EXERCISE PROMPT.
Below are some entries. Reproduce them word for word.

Short web captions.
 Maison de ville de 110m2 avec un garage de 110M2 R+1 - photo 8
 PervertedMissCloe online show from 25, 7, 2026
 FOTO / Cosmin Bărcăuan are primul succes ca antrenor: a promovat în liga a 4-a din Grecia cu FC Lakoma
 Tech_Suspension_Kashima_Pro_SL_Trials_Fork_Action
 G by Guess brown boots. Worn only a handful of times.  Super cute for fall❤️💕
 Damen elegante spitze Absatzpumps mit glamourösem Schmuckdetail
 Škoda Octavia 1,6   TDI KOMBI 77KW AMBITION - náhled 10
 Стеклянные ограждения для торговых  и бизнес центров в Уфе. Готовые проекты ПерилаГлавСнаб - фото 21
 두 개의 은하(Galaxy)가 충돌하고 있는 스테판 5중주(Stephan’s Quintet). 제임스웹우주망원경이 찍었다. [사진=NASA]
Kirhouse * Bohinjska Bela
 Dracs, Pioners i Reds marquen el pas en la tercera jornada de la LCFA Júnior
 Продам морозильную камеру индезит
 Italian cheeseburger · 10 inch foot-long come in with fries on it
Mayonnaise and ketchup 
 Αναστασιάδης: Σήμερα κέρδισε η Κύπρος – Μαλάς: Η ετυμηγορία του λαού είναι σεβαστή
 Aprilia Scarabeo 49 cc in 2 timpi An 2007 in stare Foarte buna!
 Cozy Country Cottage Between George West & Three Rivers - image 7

RESULT FOR THIS TASK.
 Maison de ville de 110m2 avec un garage de 110M2 R+1 - photo 8
 PervertedMissCloe online show from 25, 7, 2026
 FOTO / Cosmin Bărcăuan are primul succes ca antrenor: a promovat în liga a 4-a din Grecia cu FC Lakoma
 Tech_Suspension_Kashima_Pro_SL_Trials_Fork_Action
 G by Guess brown boots. Worn only a handful of times.  Super cute for fall❤️💕
 Damen elegante spitze Absatzpumps mit glamourösem Schmuckdetail
 Škoda Octavia 1,6   TDI KOMBI 77KW AMBITION - náhled 10
 Стеклянные ограждения для торговых  и бизнес центров в Уфе. Готовые проекты ПерилаГлавСнаб - фото 21
 두 개의 은하(Galaxy)가 충돌하고 있는 스테판 5중주(Stephan’s Quintet). 제임스웹우주망원경이 찍었다. [사진=NASA]
Kirhouse * Bohinjska Bela
 Dracs, Pioners i Reds marquen el pas en la tercera jornada de la LCFA Júnior
 Продам морозильную камеру индезит
 Italian cheeseburger · 10 inch foot-long come in with fries on it
Mayonnaise and ketchup 
 Αναστασιάδης: Σήμερα κέρδισε η Κύπρος – Μαλάς: Η ετυμηγορία του λαού είναι σεβαστή
 Aprilia Scarabeo 49 cc in 2 timpi An 2007 in stare Foarte buna!
 Cozy Country Cottage Between George West & Three Rivers - image 7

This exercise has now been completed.